7 ° Livre de Madrigaux de Monteverdi par Alessandrini

Critique. Enregistrement. MONTEVERDI. Septième livre de madrigaux. Concerto Italiano. Rinaldo Alessandrini. 2 CD Naïve. Enregistrement d’octobre 2020.

Monteverdi en majesté avec la nouvelle lecture de Rinaldo Alessandrini 

 La couverture du CD annonce les partis pris de l’enregistrement. Nous voyons un Rinaldo Alessandrini sévère assis à la table, un livre dans les mains, un verre d’eau à ses côtés. Il enregistre la musique de Monteverdi avec grand succès depuis les années 1990. Toute nouvelle lecture proposée par ce grand spécialiste montéverdien transalpin est un évènement. Sa lecture de ce Septième Livre de Madrigaux semble plus austère, plus stricte, plus intellectuelle. Position charnière pour Rinaldo Alessandrini qui dans ses interprétations précédentes des madrigaux de Monteverdi attachait plus de prix à un coté comme improvisé, à des contrastes surprenants et des couleurs plus saturées. Ainsi je pense au livre-disque du huitième livre édité en 2010 avec un texte passionnant et de reproduction de tableaux somptueux dans lesquels les madrigaux sont plus colorés.

Cette version ci serait plutôt gravée à la pointe, comme dans une fine gravure qui fait ressortir les structures, cisèle le texte et offre un accompagnement instrumental richement varié aux voix.  Les chanteurs sont tous excellents, les voix sont très homogènes, sans oppositions marquées ou personnalité fortes. Cela crée dans les nombreux duos un effet de symétrie, d’imitation absolument idéal. Je ne connais pas d’enregistrements ou cette perfection d’appariement vocal est atteinte si constamment. D’un autre coté les deux grand soli de soprano la « Lettera amorosa » et « Con che soavita », s’ils sont dits impeccablement et chantés à la perfection, le sont par une voix trop simple. Des voix plus originales et des interprètes plus théâtralement actives nous touchent ailleurs autrement (les plus magiques étant Cathy Berberian et Guillemette Laurens dans des gravures illustres). Ainsi le parti pris de Rinaldo Alessandrini est de ne pas s’abandonner au théâtre si séduisant qui se devine partout dans cet opus si original de Monteverdi. Car l’audace de Monteverdi qui abandonne ici le Madrigal à Cinq Voix revendique le pouvoir de séduction de la voix soliste avec accompagnement. Il est symptomatique que dans le titre de Monteverdi lui-même il est question de madrigaux à 1,2,3,4 et 6 voix ! Il renonce au madrigal à cinq voix jusque-là la seule référence ! En ne cédant pas à cette théâtralité évidente, qu’il a déjà exploré au théâtre et qui pourtant est contenue dans tout ce septième livre, Rinaldo Alessandrini et ses interprètes renforcent la puissance de la composition, sa solidité structurale, la beauté de l’instrumentation et la précision des poèmes et surtout l’originalité de l’écriture. Les textes sont soigneusement ordonnés par auteurs ce qui change l’ordre des madrigaux, mais là aussi le tact avec lequel les choses sont faites permet une écoute fluide. Les instruments sont choisis avec finesse, évitant le clavecin trop systématique. Ainsi le théorbe et la harpe étant bien mis en valeur avec leur effet d’enveloppement moelleux. Le rajout d’une courte introduction de Biago Marini pour ouvrir le deuxième CD est idéale.

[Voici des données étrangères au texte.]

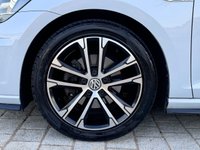 USED 2018 V VOLKSWAGEN GOLF 1.5 R LINE TSI EVO DSG 5d 148 BHP 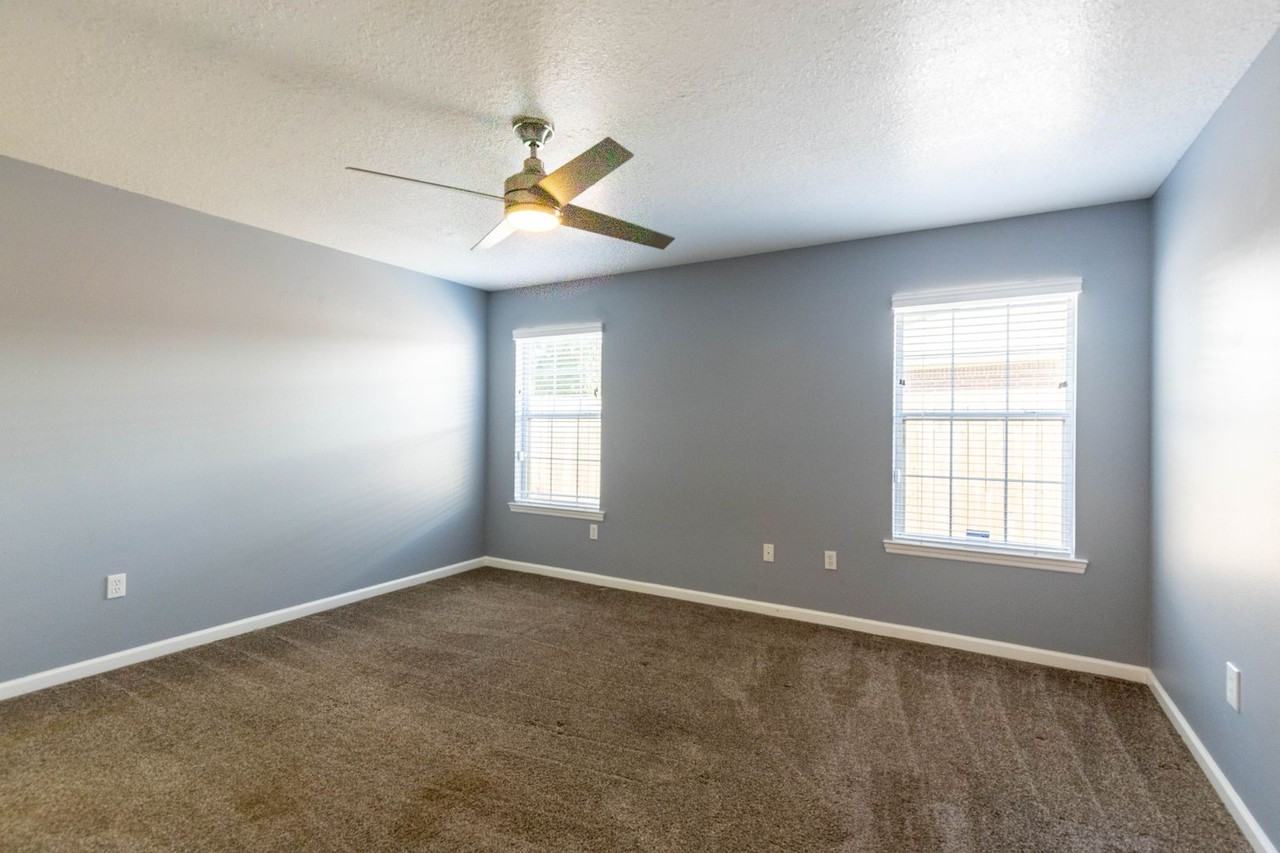 15231 Shadow Creek Dr - Photo 6 of 22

La prise de son est sur la même ligne, précise, sans réverbération. Je pense vraiment à la grande précision et la clarté qui nait lorsque l’on regarde de belles gravures.

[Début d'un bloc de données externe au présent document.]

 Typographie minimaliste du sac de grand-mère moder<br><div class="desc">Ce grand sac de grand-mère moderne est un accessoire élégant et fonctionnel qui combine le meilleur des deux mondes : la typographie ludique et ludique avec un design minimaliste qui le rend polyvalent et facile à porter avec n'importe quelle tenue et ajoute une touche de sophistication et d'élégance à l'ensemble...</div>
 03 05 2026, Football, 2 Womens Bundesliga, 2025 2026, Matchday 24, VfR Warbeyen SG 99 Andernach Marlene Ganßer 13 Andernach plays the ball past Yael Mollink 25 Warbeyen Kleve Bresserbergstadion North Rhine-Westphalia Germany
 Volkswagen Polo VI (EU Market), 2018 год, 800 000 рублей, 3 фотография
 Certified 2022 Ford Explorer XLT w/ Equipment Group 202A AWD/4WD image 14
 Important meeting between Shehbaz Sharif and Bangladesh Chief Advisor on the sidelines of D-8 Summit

Cette interprétation majeure ne peut être la seule dans une discothèque, La Venexiana, les anglais la complètent par un théâtre plus assumé dans sa séduction et ses outrances et demeurent indispensables. Ces multiples versions permettent de comprendre et de déguster l’absolue modernité de Claudio Monteverdi dans son « Concerto Settimo libro de madrigali a 1,2,3,4 et 6 voci, con altri generi di Canti ».  Il prend ouvertement le total pari sur l’opéra dont nous savons le succès en train d’advenir… Un tel courage, une telle vision assumée sont choses magnifiques et appellent la diversité.

Hubert Stoecklin

Critique. Enregistrement. Claudio Monteverdi (1567-1643) : Septième Livre de Madrigaux (1619). Concerto Italiano. Rinaldo Alessandrini. 2 CD Naïve OP 7365. Enregistrement d’octobre 2020.  Code Barre : 3 700 187 673659.